# Gamescom - Altersbändchen



## Killboy13 (9. August 2011)

*Gamescom - Altersbändchen*

Hi,

mein Name ist Max.  

Bin 17 Jahre alt und werde am 18.September 18 Jahre alt .



Und zwar, würd ich gern wissen ob ihr meint, ob die netten Leute von der Bändchenausgabe mir ein Rotes Bändchen geben würden? Es wäre ein Monat bis zu meinem 18ten ... ich weiß nicht ... ich würd das jetzt nicht so kritisch sehen.

Würde halt super gerne BF3 anspielen ... 


Oder gibt es andere "Tricks" wie ich doch BF3 anspielen könnte?  Kann man das Bändchen (also ein Kumpel hollt sich ein Rotes) nicht durchschneiden und mit Tesa drauftun? 

Oder könnte er nicht die Bändchenverteiler bitten das Band nicht zu eng drauf zu machen weil er eine Angst vor Bändchen am Arm hat und dadurch das es locker ist, könnte er es abmachen und mir drauf???

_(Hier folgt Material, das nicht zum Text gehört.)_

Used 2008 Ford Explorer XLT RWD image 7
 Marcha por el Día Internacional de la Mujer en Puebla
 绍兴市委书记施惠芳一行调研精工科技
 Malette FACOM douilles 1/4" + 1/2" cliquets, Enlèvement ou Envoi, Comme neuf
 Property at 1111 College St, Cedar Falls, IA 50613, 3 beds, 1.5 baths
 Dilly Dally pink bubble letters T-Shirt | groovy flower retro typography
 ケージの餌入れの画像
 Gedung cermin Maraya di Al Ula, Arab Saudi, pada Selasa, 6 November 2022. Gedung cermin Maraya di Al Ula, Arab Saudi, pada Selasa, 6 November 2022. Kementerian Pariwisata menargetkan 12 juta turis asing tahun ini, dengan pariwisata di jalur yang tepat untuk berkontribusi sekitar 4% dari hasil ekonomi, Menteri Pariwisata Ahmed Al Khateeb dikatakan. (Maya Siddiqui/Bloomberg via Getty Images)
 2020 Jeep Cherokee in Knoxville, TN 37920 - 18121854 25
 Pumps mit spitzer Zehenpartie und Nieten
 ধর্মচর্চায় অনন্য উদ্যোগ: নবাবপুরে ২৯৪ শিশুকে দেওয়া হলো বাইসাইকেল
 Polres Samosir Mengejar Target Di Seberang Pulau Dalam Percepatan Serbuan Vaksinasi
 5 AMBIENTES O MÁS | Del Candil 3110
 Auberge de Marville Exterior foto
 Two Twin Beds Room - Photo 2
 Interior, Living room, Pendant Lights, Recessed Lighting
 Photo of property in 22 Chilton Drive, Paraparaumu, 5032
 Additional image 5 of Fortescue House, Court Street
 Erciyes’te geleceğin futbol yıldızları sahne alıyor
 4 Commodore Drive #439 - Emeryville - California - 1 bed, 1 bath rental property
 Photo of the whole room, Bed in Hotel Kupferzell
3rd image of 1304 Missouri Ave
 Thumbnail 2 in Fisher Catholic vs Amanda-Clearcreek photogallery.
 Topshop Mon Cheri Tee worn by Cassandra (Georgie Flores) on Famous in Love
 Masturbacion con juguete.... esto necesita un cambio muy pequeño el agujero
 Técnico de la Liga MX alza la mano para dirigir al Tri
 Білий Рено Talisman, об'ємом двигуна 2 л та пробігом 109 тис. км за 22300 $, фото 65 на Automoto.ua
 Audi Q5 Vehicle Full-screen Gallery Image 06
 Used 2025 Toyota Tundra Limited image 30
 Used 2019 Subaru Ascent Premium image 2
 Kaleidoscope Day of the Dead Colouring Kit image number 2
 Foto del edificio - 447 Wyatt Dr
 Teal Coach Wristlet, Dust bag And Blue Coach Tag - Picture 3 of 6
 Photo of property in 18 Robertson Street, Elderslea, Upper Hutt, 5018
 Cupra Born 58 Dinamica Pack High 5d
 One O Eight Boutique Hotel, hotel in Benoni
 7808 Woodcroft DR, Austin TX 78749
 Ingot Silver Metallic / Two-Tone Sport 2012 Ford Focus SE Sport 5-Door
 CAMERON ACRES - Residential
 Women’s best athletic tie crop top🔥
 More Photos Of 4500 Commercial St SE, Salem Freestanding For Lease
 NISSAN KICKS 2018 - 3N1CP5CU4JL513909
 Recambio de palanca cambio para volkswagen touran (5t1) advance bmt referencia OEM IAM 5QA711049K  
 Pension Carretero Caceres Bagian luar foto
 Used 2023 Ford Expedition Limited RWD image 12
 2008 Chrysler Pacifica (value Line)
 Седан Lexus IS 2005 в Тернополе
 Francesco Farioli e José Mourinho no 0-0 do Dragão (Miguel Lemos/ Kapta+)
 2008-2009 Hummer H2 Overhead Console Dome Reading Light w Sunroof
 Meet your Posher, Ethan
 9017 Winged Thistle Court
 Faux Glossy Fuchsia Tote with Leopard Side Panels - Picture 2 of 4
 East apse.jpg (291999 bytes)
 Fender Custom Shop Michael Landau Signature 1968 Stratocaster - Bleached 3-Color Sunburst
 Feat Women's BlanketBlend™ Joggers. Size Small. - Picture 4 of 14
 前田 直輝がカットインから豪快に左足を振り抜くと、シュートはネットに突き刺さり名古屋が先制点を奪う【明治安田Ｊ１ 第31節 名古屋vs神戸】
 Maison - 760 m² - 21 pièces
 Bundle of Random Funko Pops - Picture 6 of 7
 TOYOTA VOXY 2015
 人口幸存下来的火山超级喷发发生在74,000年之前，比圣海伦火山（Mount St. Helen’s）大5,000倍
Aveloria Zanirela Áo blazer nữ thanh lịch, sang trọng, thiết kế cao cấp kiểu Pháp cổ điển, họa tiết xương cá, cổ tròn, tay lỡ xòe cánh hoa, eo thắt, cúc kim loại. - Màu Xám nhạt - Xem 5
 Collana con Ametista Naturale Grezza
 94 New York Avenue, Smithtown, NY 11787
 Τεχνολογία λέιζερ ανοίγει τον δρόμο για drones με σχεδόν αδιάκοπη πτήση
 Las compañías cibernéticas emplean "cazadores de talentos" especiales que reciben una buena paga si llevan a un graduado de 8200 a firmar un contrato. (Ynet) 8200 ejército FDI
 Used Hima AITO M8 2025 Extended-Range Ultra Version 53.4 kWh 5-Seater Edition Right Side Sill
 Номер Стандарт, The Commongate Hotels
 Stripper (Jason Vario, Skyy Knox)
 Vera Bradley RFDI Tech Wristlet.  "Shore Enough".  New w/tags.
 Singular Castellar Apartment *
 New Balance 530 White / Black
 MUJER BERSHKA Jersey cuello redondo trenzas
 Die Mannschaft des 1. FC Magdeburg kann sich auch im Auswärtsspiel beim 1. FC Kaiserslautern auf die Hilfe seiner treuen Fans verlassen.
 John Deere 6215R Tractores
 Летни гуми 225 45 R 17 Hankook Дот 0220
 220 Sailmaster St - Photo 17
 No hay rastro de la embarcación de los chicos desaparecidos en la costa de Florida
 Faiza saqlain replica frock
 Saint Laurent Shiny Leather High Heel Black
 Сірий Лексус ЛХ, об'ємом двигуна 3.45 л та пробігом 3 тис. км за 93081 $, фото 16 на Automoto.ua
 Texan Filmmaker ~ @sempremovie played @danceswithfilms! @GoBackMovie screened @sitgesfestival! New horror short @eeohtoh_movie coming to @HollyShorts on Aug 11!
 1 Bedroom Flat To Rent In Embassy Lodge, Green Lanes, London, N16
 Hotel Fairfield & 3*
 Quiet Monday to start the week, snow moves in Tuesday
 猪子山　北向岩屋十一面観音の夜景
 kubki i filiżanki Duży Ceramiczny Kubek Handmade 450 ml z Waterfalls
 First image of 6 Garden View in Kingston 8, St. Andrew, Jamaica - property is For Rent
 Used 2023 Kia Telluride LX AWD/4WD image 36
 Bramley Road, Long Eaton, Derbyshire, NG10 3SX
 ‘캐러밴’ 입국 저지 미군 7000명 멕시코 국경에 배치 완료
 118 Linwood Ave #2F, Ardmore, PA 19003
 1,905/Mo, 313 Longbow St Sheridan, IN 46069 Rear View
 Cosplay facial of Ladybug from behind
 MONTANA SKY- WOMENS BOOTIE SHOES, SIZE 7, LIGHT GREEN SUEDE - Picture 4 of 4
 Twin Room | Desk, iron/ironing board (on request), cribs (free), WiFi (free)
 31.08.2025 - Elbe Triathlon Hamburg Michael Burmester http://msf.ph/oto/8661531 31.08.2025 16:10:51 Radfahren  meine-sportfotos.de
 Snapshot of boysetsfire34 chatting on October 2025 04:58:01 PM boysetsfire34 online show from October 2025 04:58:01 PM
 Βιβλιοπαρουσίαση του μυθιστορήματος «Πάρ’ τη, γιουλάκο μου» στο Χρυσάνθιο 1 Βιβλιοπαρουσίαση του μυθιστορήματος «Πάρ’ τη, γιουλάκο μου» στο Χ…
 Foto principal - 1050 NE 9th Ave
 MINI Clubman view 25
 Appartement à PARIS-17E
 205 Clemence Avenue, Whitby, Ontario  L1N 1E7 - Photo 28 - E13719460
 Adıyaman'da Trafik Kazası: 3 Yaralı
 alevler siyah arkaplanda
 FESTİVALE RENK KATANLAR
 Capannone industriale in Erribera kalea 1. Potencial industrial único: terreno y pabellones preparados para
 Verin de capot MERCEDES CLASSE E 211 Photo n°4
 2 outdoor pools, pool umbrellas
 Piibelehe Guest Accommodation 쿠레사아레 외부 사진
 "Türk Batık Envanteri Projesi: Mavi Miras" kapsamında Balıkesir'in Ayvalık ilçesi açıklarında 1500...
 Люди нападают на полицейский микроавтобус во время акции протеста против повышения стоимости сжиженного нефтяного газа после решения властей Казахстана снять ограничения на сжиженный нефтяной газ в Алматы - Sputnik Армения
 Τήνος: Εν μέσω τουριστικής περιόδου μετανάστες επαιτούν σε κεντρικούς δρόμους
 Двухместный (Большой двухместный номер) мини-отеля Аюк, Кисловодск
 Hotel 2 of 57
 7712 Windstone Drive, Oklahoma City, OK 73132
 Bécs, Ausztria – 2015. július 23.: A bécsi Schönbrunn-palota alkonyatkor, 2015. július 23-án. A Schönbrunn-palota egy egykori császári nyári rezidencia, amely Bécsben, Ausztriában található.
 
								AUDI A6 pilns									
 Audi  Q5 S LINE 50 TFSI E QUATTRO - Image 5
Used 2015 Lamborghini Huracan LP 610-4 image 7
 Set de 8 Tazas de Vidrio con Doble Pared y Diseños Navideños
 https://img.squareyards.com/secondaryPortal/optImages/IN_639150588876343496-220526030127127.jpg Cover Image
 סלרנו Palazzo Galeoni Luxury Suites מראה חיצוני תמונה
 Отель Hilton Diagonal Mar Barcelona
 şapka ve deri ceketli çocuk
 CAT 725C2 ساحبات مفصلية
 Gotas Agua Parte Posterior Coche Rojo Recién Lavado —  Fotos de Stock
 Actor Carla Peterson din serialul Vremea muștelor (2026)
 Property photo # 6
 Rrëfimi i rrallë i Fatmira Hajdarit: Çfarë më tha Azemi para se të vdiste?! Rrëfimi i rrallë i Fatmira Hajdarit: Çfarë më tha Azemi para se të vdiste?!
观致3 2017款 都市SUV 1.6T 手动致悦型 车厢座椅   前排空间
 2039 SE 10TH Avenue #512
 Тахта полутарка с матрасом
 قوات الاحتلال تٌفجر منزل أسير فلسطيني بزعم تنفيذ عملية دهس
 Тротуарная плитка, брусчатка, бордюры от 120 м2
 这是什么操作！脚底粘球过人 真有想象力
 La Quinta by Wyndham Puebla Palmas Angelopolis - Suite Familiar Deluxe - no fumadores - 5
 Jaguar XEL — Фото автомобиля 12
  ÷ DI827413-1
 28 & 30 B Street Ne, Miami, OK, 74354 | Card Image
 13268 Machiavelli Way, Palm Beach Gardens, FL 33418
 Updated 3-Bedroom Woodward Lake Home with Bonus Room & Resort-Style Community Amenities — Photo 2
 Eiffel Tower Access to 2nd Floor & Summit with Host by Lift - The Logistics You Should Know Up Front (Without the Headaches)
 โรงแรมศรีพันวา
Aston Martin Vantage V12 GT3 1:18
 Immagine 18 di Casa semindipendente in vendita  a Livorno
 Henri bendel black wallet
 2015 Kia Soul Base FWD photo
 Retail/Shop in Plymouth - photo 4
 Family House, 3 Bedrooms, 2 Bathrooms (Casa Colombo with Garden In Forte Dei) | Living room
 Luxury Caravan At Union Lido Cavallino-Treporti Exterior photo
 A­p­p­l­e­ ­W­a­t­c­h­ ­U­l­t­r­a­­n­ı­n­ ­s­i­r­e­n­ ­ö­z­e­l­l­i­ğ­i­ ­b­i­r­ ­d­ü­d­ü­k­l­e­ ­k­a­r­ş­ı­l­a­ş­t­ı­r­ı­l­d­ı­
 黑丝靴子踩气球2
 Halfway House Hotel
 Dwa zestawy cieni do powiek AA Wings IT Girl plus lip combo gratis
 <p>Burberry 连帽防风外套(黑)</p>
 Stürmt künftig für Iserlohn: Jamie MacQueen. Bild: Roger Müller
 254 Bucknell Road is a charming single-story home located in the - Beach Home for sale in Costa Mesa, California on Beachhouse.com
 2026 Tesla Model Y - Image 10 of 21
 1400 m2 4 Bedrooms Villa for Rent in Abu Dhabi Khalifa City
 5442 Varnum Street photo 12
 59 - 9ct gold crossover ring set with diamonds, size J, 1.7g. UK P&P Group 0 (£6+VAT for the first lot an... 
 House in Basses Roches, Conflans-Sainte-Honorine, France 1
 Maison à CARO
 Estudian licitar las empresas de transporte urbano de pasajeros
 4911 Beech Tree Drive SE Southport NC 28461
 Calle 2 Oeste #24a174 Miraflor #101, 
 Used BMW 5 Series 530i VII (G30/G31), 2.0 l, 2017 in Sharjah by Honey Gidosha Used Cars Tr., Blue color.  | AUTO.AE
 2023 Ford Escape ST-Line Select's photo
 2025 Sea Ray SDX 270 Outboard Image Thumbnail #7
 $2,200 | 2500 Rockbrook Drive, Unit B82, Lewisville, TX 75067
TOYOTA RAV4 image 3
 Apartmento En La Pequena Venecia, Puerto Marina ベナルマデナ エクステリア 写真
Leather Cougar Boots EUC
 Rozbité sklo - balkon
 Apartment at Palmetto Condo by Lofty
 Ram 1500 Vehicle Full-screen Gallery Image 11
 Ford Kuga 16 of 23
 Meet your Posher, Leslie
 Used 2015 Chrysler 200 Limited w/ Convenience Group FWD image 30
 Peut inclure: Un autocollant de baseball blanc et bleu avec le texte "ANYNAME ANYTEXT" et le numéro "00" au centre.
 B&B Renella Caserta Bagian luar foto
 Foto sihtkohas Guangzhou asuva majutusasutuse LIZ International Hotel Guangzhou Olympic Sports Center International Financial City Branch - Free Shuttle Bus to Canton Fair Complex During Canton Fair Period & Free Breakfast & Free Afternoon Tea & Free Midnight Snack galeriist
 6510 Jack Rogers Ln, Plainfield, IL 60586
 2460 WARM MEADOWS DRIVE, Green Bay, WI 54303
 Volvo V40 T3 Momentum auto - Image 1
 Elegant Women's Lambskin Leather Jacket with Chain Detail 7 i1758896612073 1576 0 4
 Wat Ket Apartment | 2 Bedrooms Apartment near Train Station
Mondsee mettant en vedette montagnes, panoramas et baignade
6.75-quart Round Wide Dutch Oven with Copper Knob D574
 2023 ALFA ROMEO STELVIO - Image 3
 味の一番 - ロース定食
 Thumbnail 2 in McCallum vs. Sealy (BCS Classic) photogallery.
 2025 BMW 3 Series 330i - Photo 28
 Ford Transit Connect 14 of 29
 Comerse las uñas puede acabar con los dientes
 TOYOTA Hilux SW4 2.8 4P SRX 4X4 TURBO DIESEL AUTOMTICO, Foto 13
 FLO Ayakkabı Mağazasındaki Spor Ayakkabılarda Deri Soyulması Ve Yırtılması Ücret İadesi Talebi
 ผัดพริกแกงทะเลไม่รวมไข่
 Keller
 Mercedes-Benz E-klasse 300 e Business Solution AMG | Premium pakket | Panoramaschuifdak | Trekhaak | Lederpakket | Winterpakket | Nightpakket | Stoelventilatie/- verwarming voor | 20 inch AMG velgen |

Ist mir echt wichtigm wäre cool wenn ihr so nett wärt und mir da paar "Tricks" und "Tipps" geben könntet. Es ist meine erste Gamescom. Ich denke mit so einem Problem waren schon einige konfrontiert.


----------



## Painkiller (9. August 2011)

*AW: Gamescom - Altersbändchen*

Solche Themen sind hier nicht erwünscht! Es hat schon seinen Grund, warum einige Spiele ab 18 sind. Support/Tipps und Tricks um die Gesetze zu umgehen gibt es hier nicht! 

--Closed--

Gruß
Pain


----------